Northgate is about the same as it was in 15, give or take a few bumps and cracks. Nothing to be concerned about.



.


----------



## Rogus (Nov 10, 2010)

Thanks for the replies. I will explore the suggested route change and not worry about road condition. The roads sound like they are still better than a lot of what I ride my area.


----------



## MoPho (Jan 17, 2011)

Got a ride in early today with this heatwave going on and smoke from wildfires fires further north. Already 80F at 8am 


Northgate, Random cyclists. 
















.


----------



## Rogus (Nov 10, 2010)

MoPho said:


> Got a ride in early today with this heatwave going on and smoke from wildfires fires further north. Already 80F at 8am


I started today's ride at 4:45 and it was 81! Don't usually see many other riders out before about 8, but today was different. 

80 is dang warm for that time in the bay area. How was it up top? When I did Diablo in April '15 I was unprepared for how cold it was at the top and was shivering uncontrollably on the first and second time going down.

Nice photos. Thanks for posting them.


----------



## MoPho (Jan 17, 2011)

Rogus said:


> I started today's ride at 4:45 and it was 81! Don't usually see many other riders out before about 8, but today was different.
> 
> 80 is dang warm for that time in the bay area. How was it up top? When I did Diablo in April '15 I was unprepared for how cold it was at the top and was shivering uncontrollably on the first and second time going down.
> 
> Nice photos. Thanks for posting them.




I only went to the junction and then down the Southgate, but I read it was 86 at 8am up at the summit.

Where were you riding that it is that hot so early? 


.


----------



## Rogus (Nov 10, 2010)

MoPho said:


> I only went to the junction and then down the Southgate, but I read it was 86 at 8am up at the summit.
> 
> Where were you riding that it is that hot so early?
> 
> ...


Wow, that's dang hot weather for climbing to the summit. I don't remember much if any decent shady sections on the climb to the summit. 

I'm in the Sacramento area, but the ride was headed up to the foothills. It was 102 when I finished at 10. It was smoky here too. Miserable combination.


----------



## Tallboy1959 (Jun 19, 2017)

Nice pics. Morgan.


----------



## Rogus (Nov 10, 2010)

I found the Iron Horse Regional Trail that I can take pretty much from the Marriott almost to Diablo Rd. Checking if that trail is good for road bike use?


----------



## jetdog9 (Jul 12, 2007)

The Iron Horse if fine for bikes, same issues you may find on many MUTs with dog leashes and crazy kids on BMX bikes but in that section site lines should be good.

A lot of people will bike directly on San Ramon Valley Blvd / Danville Blvd, especially from Danville on north.
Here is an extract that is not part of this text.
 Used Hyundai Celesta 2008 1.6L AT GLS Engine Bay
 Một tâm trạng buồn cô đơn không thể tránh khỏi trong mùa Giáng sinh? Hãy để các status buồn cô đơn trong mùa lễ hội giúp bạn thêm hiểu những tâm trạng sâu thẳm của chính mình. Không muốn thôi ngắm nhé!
However, you'd probably be south of that section.

From the Marriott the Iron Horse looks like a good call to get to Danville.

Also, the pavement around the residential area at the bottom of South Gate is a lot better now than it was a few years ago, you won't have any issues. 
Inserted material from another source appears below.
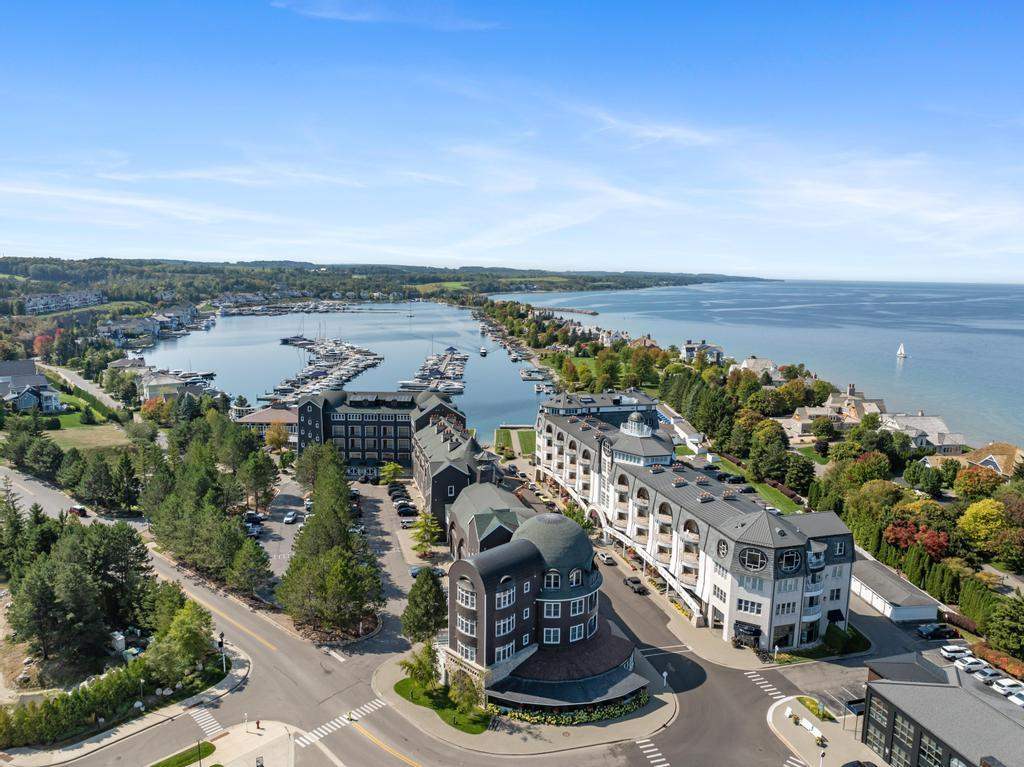 Bay Harbor MI, 4205 Main Street, Unit 37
Personally, I prefer the NG climb but going up and down either side is great.


----------



## Rogus (Nov 10, 2010)

jetdog9 said:


> Personally, I prefer the NG climb but going up and down either side is great.


I stay off MUTs for any kind of training, but this is just a cruise to the real ride. 
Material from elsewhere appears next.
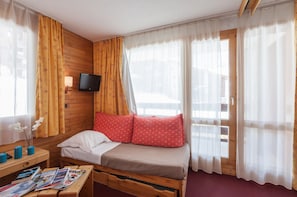 Standard Studio | Living area | 26-inch TV with digital channels, books - Belle Plagne Résidence Pierre & Vacances Émeraude (La Plagne-Tarentaise)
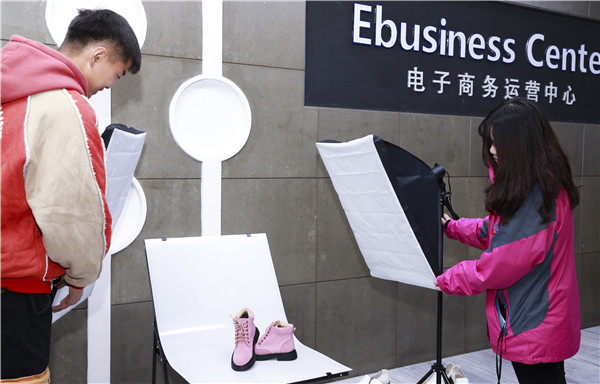 “玩轉(zhuǎn)直播電商 Hi翻雙十二”——小新為你提前播報(bào)啦！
Thanks for the info. Since I will be climbing both sides, it doesn't make a difference where I start and the south gate is obviously closer to where I'm staying.


----------



## MoPho (Jan 17, 2011)

I frequently use the Iron Horse to connect to rides, it's nice and depending on time/day can be relatively empty. 





jetdog9 said:


> Personally, I prefer the NG climb but going up and down either side is great.



Interesting, why is that?
I usually ride the NG because it is closer to me, but I prefer to climb the SG


.


----------



## jetdog9 (Jul 12, 2007)

I like the scenery a little more up NG, feels a little more sheltered from sun in spots, and grade wise it's a tiny bit harder although SG is a little longer. But I'm also closer to the NG side, just really familiar with the climb in a good way I guess.


----------



## MoPho (Jan 17, 2011)

jetdog9 said:


> I like the scenery a little more up NG, feels a little more sheltered from sun in spots, and grade wise it's a tiny bit harder although SG is a little longer. But I'm also closer to the NG side, just really familiar with the climb in a good way I guess.



I've always thought the SG more sheltered from the sun, especially in the afternoon. I think the NG is actually longer too. I find the more even pitch and smoother pavement of the SG better for getting a rhythm going. SG is faster going downhill too (I'm much more of a descender than a climber  ) 


.


----------



## Rogus (Nov 10, 2010)

Maybe it was just the day I rode last time (Saturday in April), but I found there to be much less traffic on the NG side.


----------



## MoPho (Jan 17, 2011)

Rogus said:


> Maybe it was just the day I rode last time (Saturday in April), but I found there to be much less traffic on the NG side.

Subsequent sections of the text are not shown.